On Friday, I bought myself a new iPod Nano. I’ve had one for the last 2 years and been very happy with it. However, the screen needs to be replaced and I have too many CDs to fit into 4GB.

The new one is pretty much the same as the old one except that the device itself is a lot smaller, the screen is bigger, the interface slicker and the memory larger. That last was the important one although the other three were good too. Everything else works the same, even the headphones, the connection to my PC and iTunes.

The games, although I don’t plan to use them very often, are a lot better than on my first iPod. The best game on that was a rather clunky version of patience whereas the new one has a flash looking 3-D breakout game.

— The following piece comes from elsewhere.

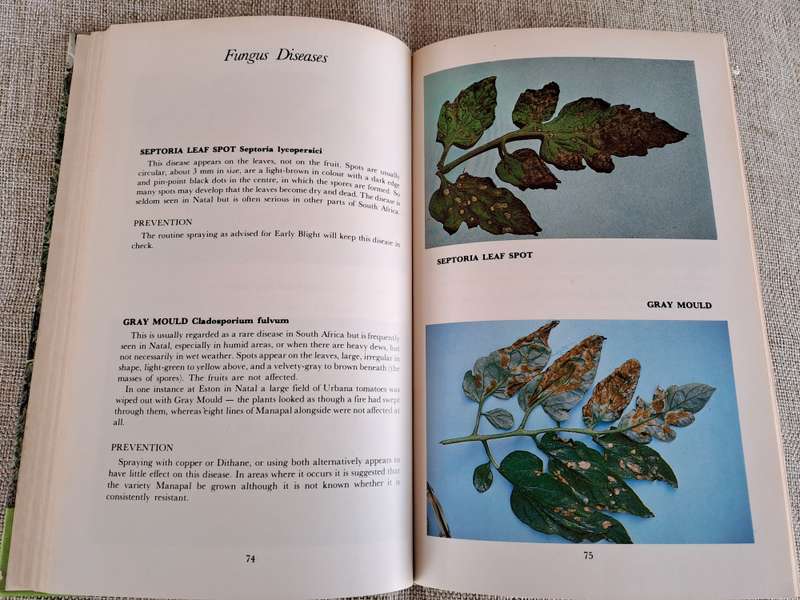 All about Tomatoes 4th Edition - Vincent A. Wager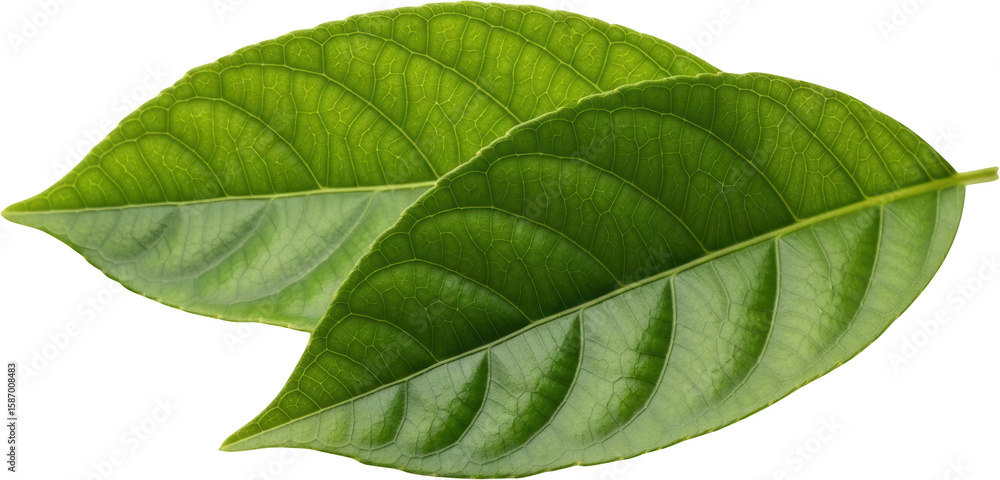 Obraz premium Two Green Leaves With Intricate Veining Against A Transparent Background Plant Transparent Background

I had only three criticisms of the new iPod…

Firstly, the time setting insisted that London is on GMT + 1 even now in January. That is wrong. In fact, no country appears to have its time in GMT and time zones switch, like BC to AD, from GMT-1 to GMT+1 with nothing in between.

Secondly, the clicker (the iPod can make a click as it steps through a menu) was either on or off. My old iPod allowed me to have the clicker off, on through the loudspeaker or on through the earphones.

Thirdly, the hold switch, which prevents accidental adjustments to volume or track selection, has been inconveniently moved to the bottom of the device from the top. It’s also a lot more fiddly to use.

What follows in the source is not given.